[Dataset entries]
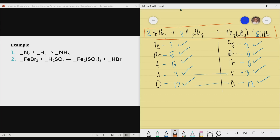That is how we balance chemical equations, how we read chemical equations, and the difference between a chemical reaction and a chemical equation. I really hope that you learned a thing or two in this particular topic.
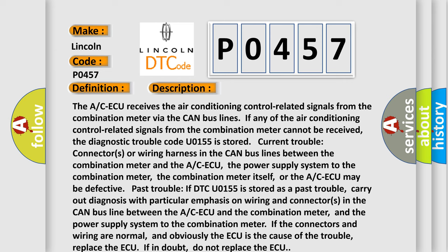And obviously the ECU is the cause of the trouble. Replace the ECU if in doubt, do not replace the ECU.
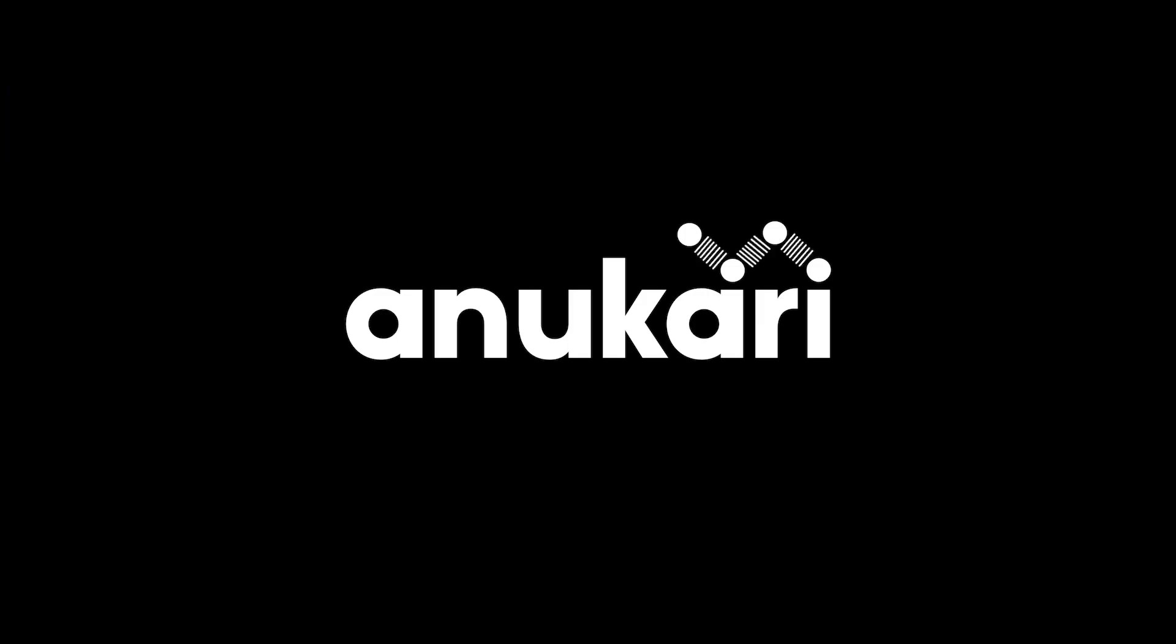Thank you again for choosing Anakari. For more detailed information, please see our Help and Resources section, or visit our website at Anakari.com.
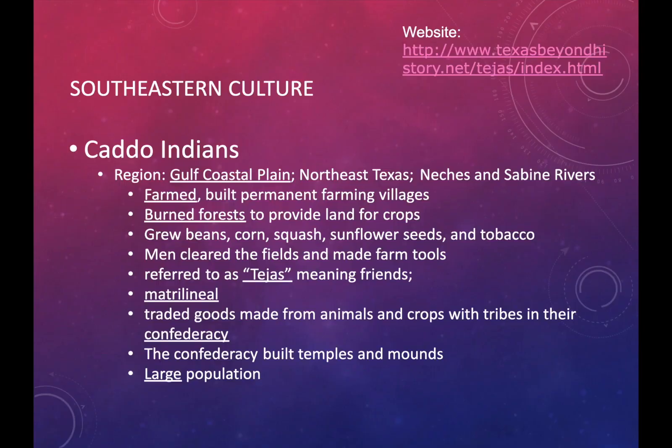The first main culture group is the Southeastern culture. The three tribal groups included are the Caddo, the Wichita, and the Atakapa. The Caddo lived in the Gulf Coastal Plains in Northeast Texas, near the Natchez and Sabine Rivers. They had agriculture — they farmed and built permanent farming villages. Being in a permanent place means they were sedentary. They used a slash-and-burn method to provide land to grow food. They grew beans, corn, squash, sunflower seeds, and tobacco.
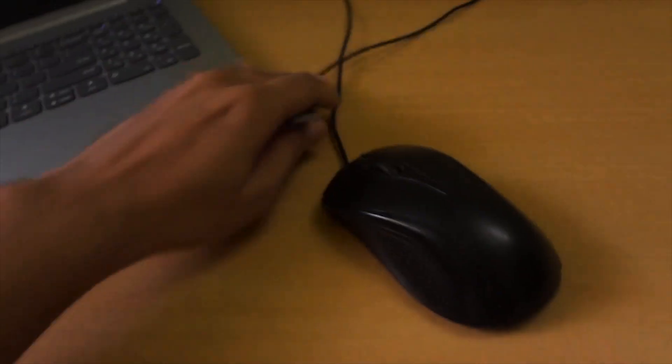First of all, remove the mouse USB if it is connected to your laptop or desktop. After that, on the back side of the mouse you will find a screw you need to remove.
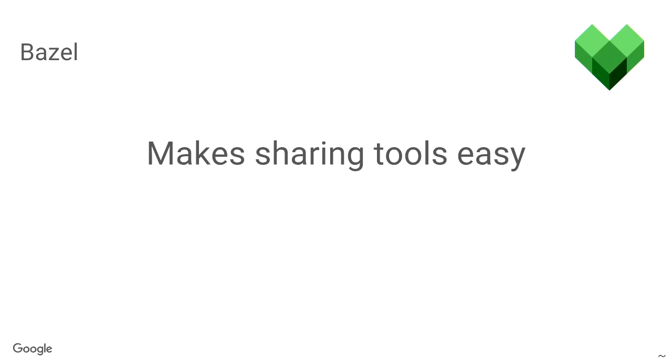And with Bazel, you don't have to compile it. You just tell people how to build it and they build it themselves. They don't need the tooling to be installed and stuff like that. You don't need to manage executables. So, it's much more easy to share tooling across the company. So, Bazel makes tool sharing easy.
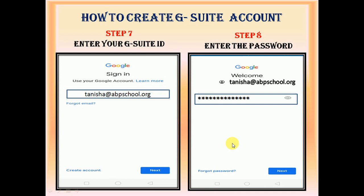In the next step, you have to enter the ID — the G-Suite ID which is provided by the school admin — then you have to click on next. After clicking on next, you have to enter the password provided by the admin and again click on next button.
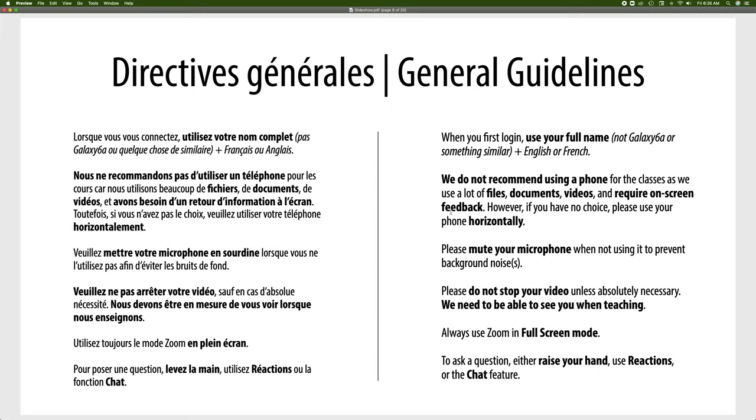We always suggest using Zoom in full screen mode. That way you can see more of the screen and it also prevents you from going in the background and doing something else while we're teaching.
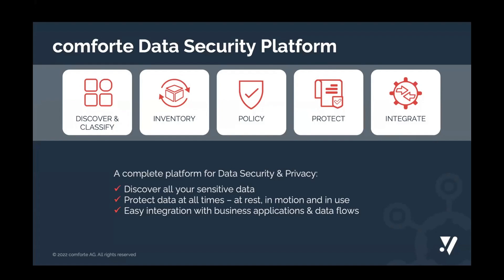Comforte's data security platform helps companies achieve compliance with privacy and data security regulations and industry mandates. We help companies understand risk exposure by discovering sensitive data assets and the data lineage, and to instrument data protection consistently and at scale, gaining full control over sensitive data.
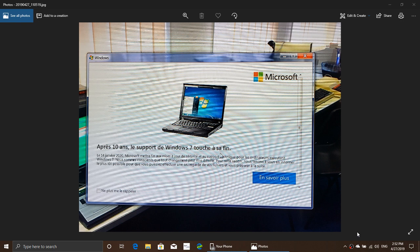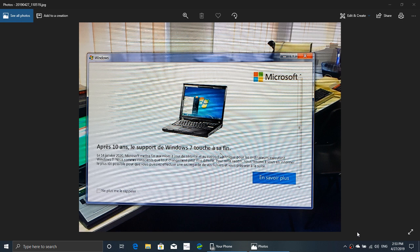This is the screen. Here's the French version because my Windows 7 PC is in French but it's the same thing. It just says that after 10 years, support for Windows 7 is coming to an end and on January 14, 2020 there's gonna be the last security updates for Windows 7.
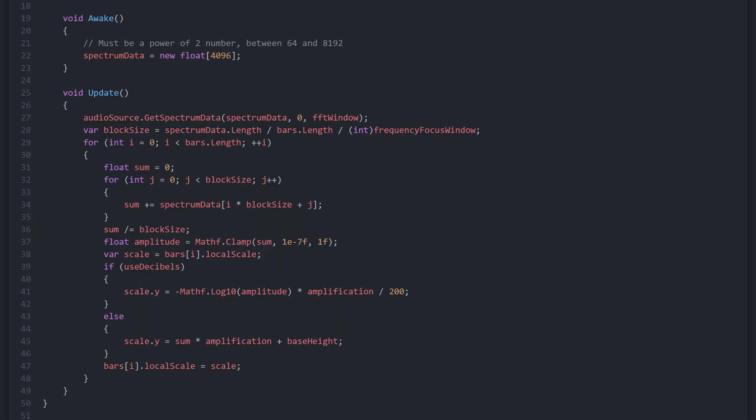Now we iterate over each bar, going from left to right — in other words, from the lowest frequencies to the highest. For each bar, we average a chunk of frequency values, also known as a block, as we have way more audio samples than we have bars. We then clamp the amplitude in order to avoid zero values, which is required when converting to decibels. If use decibels is true, we convert the amplitude into a logarithmic decibel scale, which makes smaller values much more noticeable visually. Otherwise, we just scale linearly using amplification and base height. Finally, we apply the new scale to the bar, updating its height.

> _Task to carry out_: Your task is to reproduce the entries above word for word, from the first line through the line with "Thank you again", and please leave out any pictures.

> _Final answer_:
That is how we balance chemical equations, how we read chemical equations, and the difference between a chemical reaction and a chemical equation. I really hope that you learned a thing or two in this particular topic.
And obviously the ECU is the cause of the trouble. Replace the ECU if in doubt, do not replace the ECU.
Thank you again for choosing Anakari. For more detailed information, please see our Help and Resources section, or visit our website at Anakari.com.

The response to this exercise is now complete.